**Material provided**
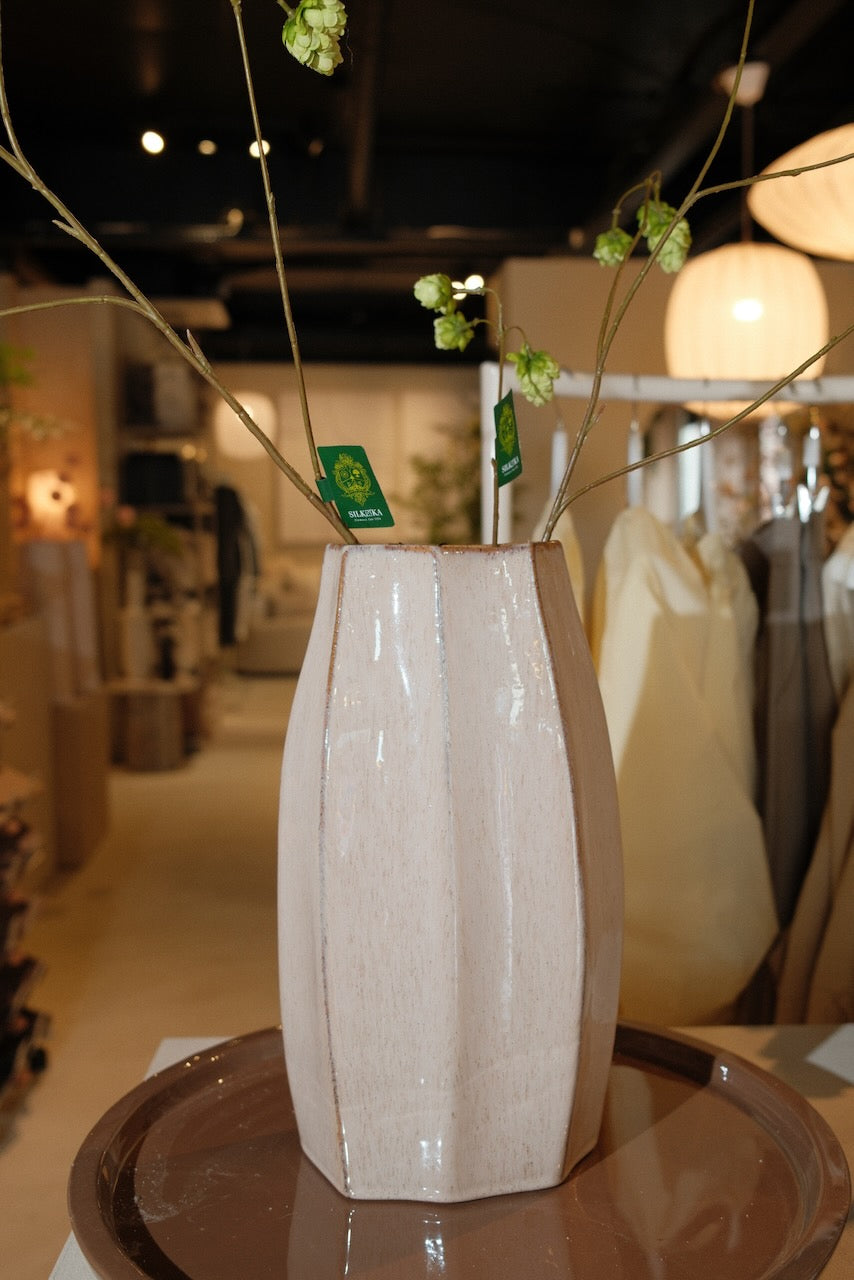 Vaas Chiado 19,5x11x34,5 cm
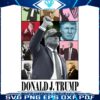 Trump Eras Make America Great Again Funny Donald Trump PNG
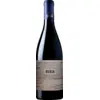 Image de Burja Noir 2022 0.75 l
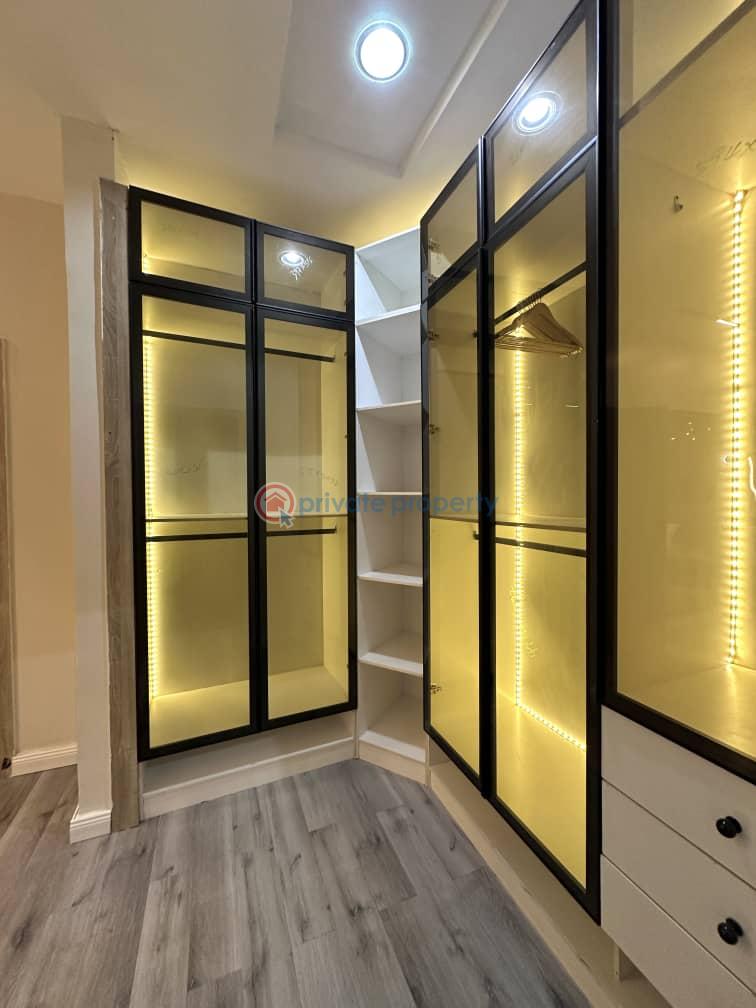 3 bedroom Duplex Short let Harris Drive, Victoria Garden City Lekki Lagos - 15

**Activity**
When you return the listing, keep it exact and omit any pictures it holds.

**Your solution**
 Vaas Chiado 19,5x11x34,5 cm
 Trump Eras Make America Great Again Funny Donald Trump PNG
 Image de Burja Noir 2022 0.75 l
 3 bedroom Duplex Short let Harris Drive, Victoria Garden City Lekki Lagos - 15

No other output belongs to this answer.